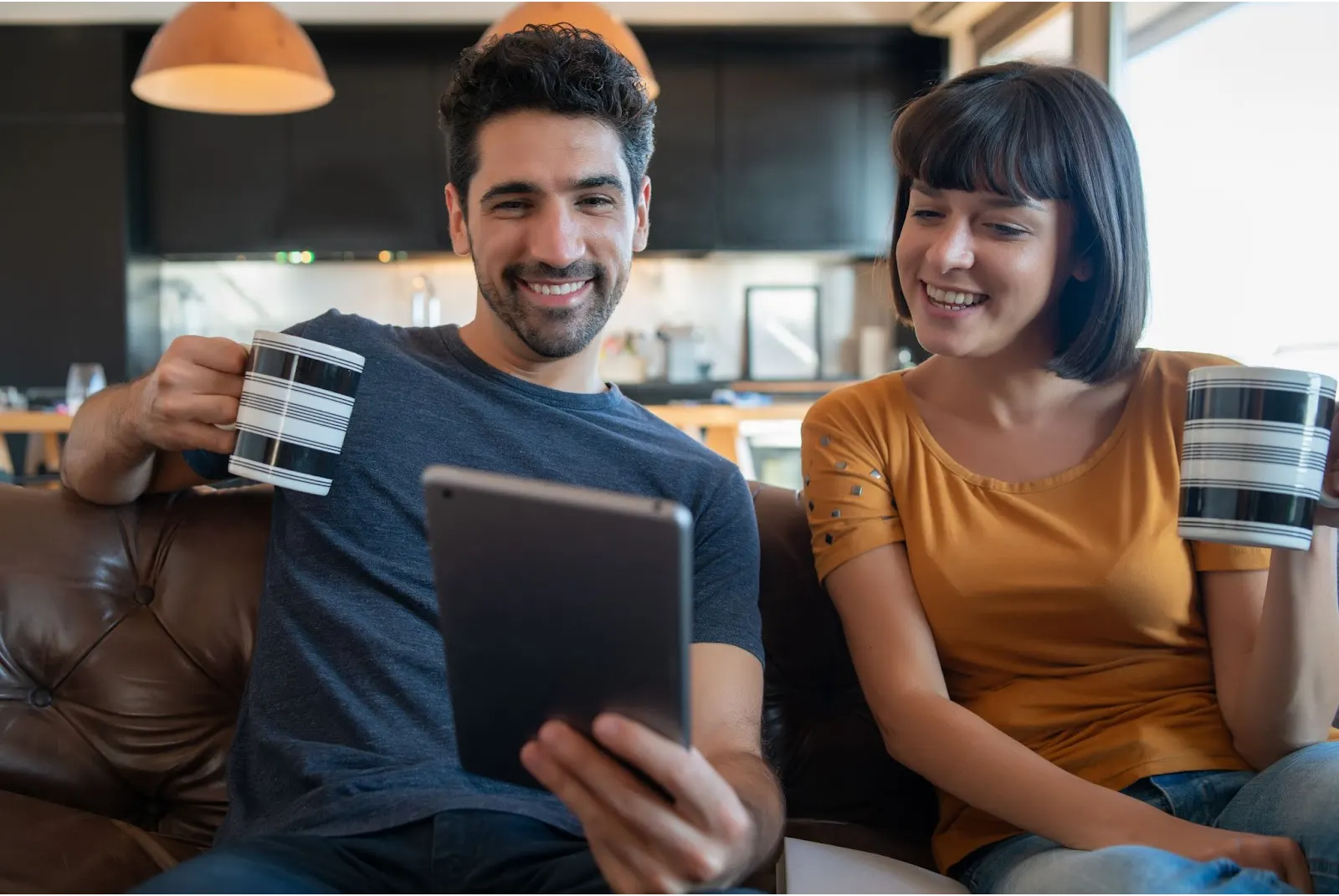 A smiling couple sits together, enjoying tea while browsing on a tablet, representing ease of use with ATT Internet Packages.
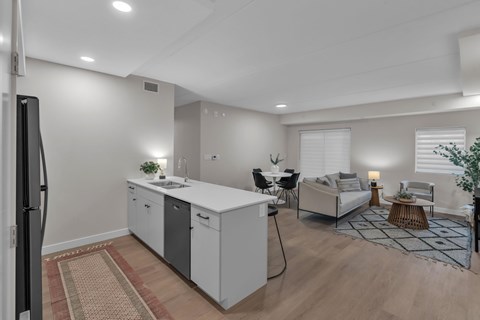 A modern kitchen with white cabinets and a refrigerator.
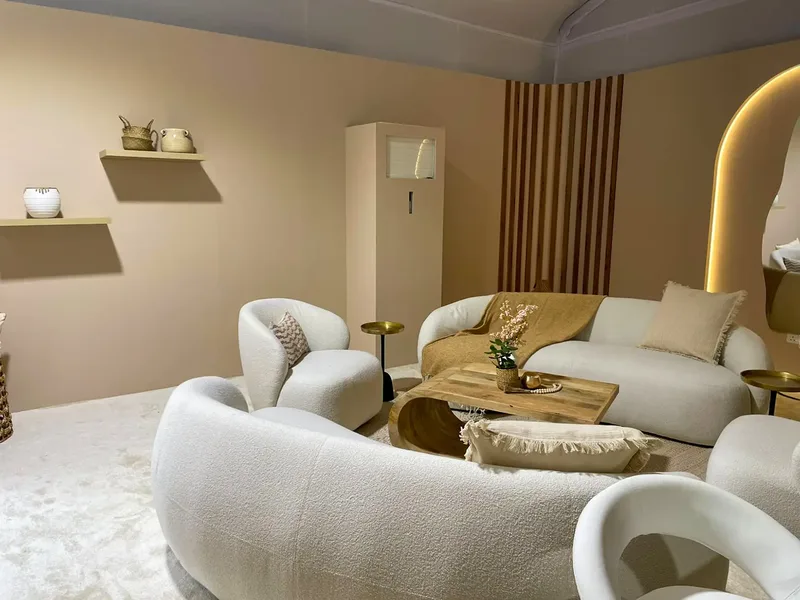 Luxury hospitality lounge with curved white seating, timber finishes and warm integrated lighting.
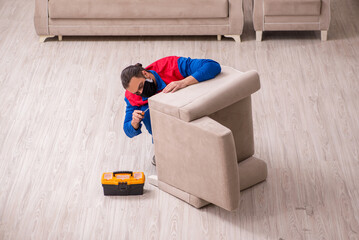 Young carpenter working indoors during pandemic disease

...

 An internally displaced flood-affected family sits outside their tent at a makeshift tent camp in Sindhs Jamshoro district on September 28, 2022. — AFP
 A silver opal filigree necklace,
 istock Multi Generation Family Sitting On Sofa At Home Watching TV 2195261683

...

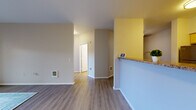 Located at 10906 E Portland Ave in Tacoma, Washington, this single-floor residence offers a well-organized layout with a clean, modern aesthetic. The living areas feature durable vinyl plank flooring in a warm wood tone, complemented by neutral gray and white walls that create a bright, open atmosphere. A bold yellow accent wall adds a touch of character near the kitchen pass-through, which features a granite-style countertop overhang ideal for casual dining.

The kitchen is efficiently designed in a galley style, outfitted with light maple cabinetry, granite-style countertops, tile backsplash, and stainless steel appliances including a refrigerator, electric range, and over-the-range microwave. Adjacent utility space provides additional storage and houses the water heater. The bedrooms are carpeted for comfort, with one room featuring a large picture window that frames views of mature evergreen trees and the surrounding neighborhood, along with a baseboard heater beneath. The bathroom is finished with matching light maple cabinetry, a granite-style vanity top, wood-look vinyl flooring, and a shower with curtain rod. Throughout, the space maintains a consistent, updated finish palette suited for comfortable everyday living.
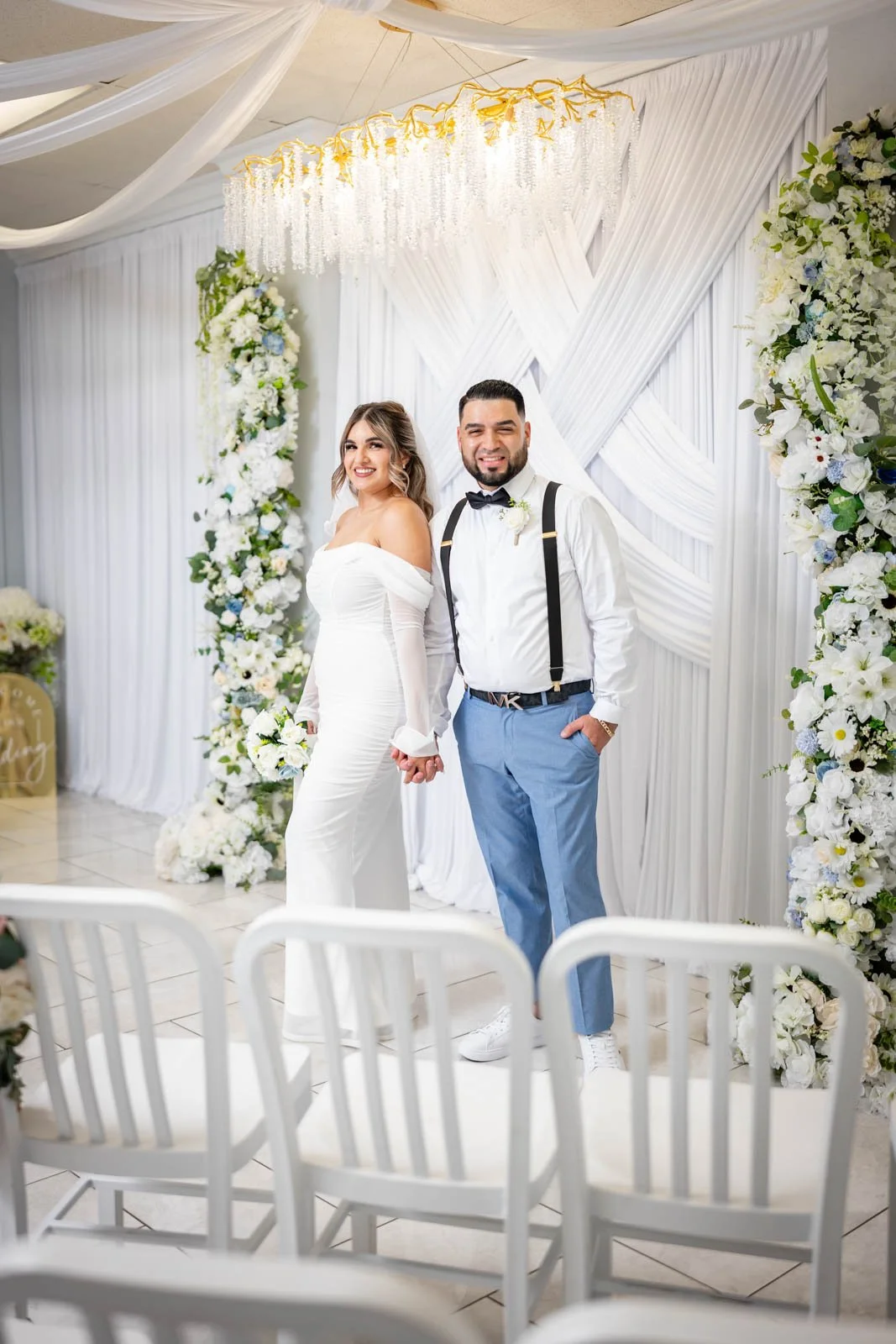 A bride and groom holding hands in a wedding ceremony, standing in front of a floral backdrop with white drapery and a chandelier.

Exercise objective:
Starting at the line above with "A modern kitchen", output every line exactly up to and including the line with "Young carpenter working", but none of the pictures.

Result:
 A modern kitchen with white cabinets and a refrigerator.
 Luxury hospitality lounge with curved white seating, timber finishes and warm integrated lighting.
 Young carpenter working indoors during pandemic disease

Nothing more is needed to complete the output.